Arthur screamed and so did the monster in the mirror. Immediately he covered his face and ducked, touching his face with trembling hands to try and assure himself that he had just seen an illusion. But he couldn’t tell; had his nose always been this narrow? Was he smiling in that moment?
A small hand touched his head. “It’s got you, too, huh?”
“What has me? What’s happening?”
The boy smiled at him, his rounded face filled with childish innocence. “The curse does.” He pointed at the window. “The night never ends. It takes… what’s inside and…” his face contorted into a thoughtful expression. “And… and it pulls it outside!”
Arthur couldn’t believe his ears. That was absolutely preposterous. A curse? Of all things? Not bloody likely. This had to be a work of his vivid imagination. It’s what he got for speaking with fae far too often as a child. “Who are you?” he asked lowly.
“Alfred Foster Jones!” the chirped. “Who are you?” And maybe it was his self-importance bubbling in his stomach, but Arthur simply could not believe that there was someone out there that did not recognize him – after a four year reign, it was simply impossible.
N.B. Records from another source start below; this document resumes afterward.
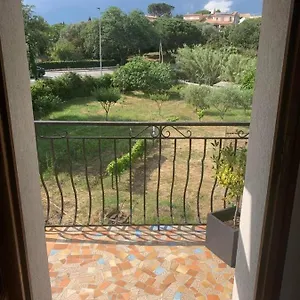 Indépendant Dans Villa, Entre Et Straphaël , Fréjus France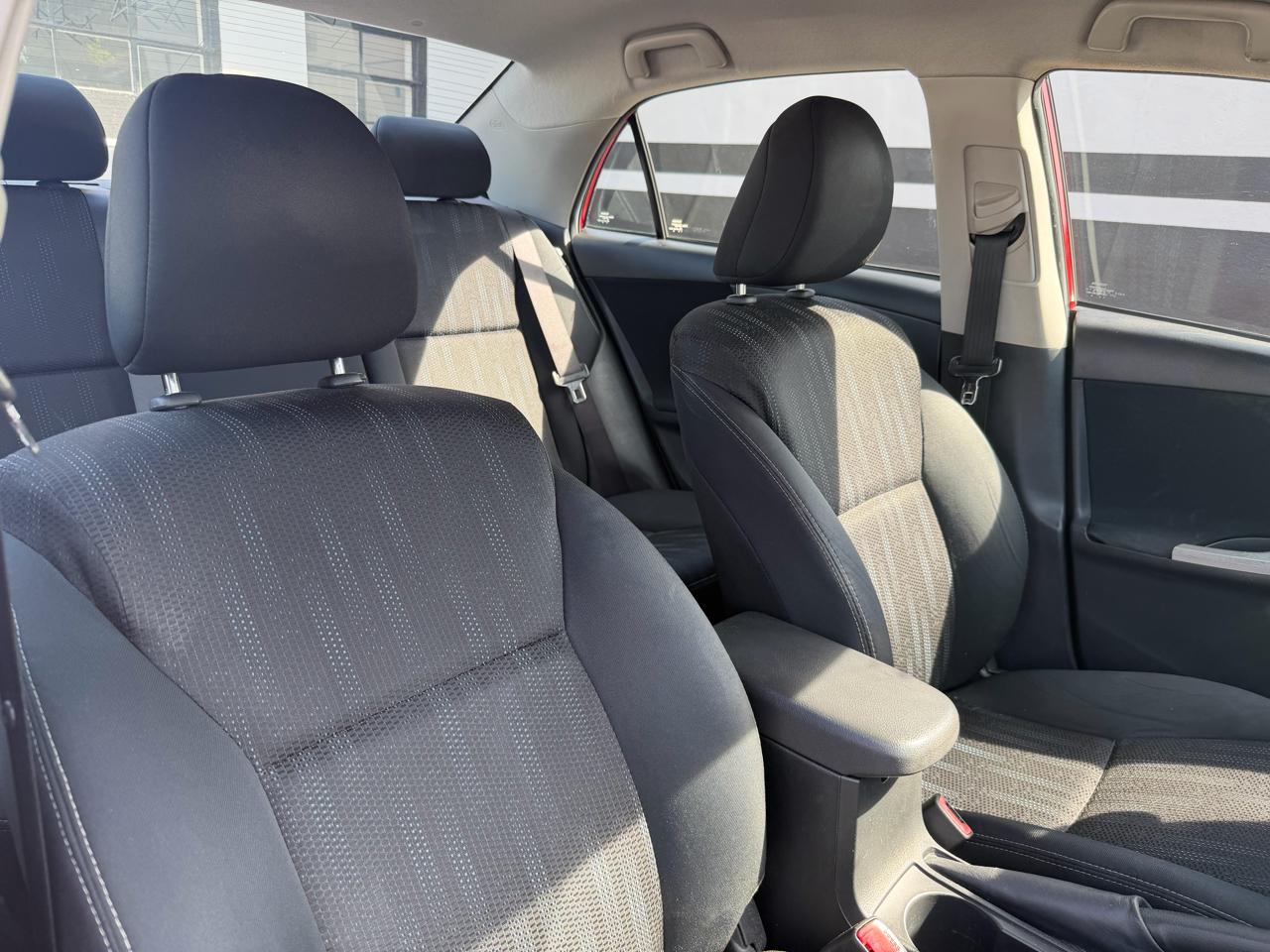 Toyota Corolla S 5-Speed MT 2013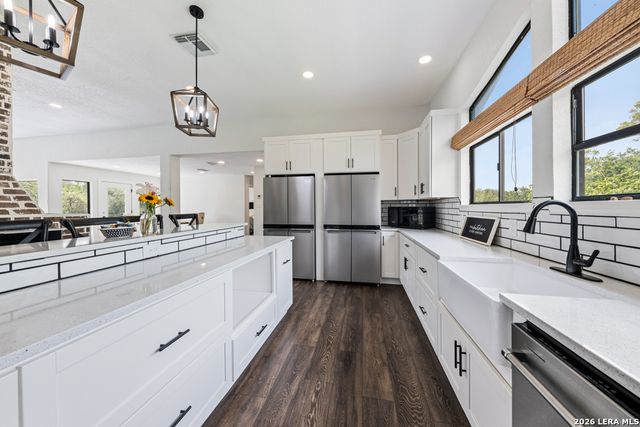 46 E Hampton, Seguin, TX 78155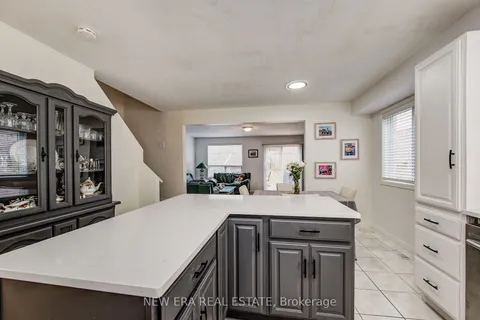 45 Critcher Ave, Cambridge, ON N1T 2C5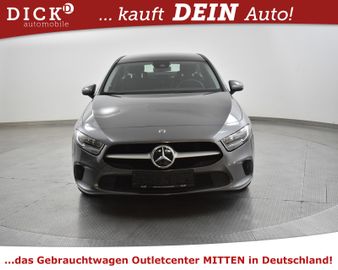 Fahrzeugabbildung Mercedes-Benz A180d LIMO 7G-DCT >NAVI+SITZHZ+PARKASS+MFL+TEMP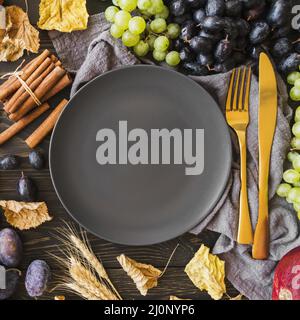 Vista dall'alto, disposizione della frutta con piatto. Alta qualità e risoluzione bellissimo concetto di foto Foto Stock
The boy flinched back from him. “You… have bad thoughts?” he asked, gesturing towards Arthur’s hands.
Arthur looked at his hands and tried not to scream. The knuckles were turning gnarled and bent, his nails growing sharp and disgusting. “What’s happening to me?” he howled, pulling his hands from his line of sight, his entire body beginning to tremble from fright. He would like to wake up from this nightmare any moment now.
“I told you…” Alfred placed a hand on Arthur’s chest. “It takes what’s inside and puts it on the outside.”
“I’m turning into a monster.” Frantically Arthur stood, running out of the room and making his way back outside into the night air. His horse was gone. Frightened he began to search each house only to find them all empty. Where had his guardsmen gone? He couldn’t have been left in this shantytown.
Alfred stood next to him, seemingly coming from nowhere. “You know, I’m glad you’re here, even though you’re really ugly. I’ve been alone for a really long time.”
The Queen turned to face the child with rage. “I am not ugly!” Alfred giggled, patting Arthur’s hand. “And nothing about this situation is the least bit funny!”
“You just got uglier. You have wrinkles on your nose!” Alfred only smiled at Arthur’s horrified expression. “You’re really funny, and even though you yell a lot, I bet you’re nice when you want to be. I can’t believe I was ever scared of you!”
Arthur was dumbfounded by that. He stared at the child before heading back into the main road. He had to get out of here somehow. Experimentally he felt for the familiar strands of magic that made up the world, hoping to catch them and bend them to his will, but there was nothing to be had.
“There’s no magic here,” the boy said, sitting next to Arthur when the Queen fell to his knees in disbelief. “The curse eats it all. It’s a pretty big curse.”
“Alfred… I don’t suppose you know of a way to break the curse, do you?”
The boy hummed thoughtfully, crossing his legs and playing with his toes. “Yeah. There are books in the library at home, but I can’t read too good.” He frowned. “I just know that someone else breaks it for you.”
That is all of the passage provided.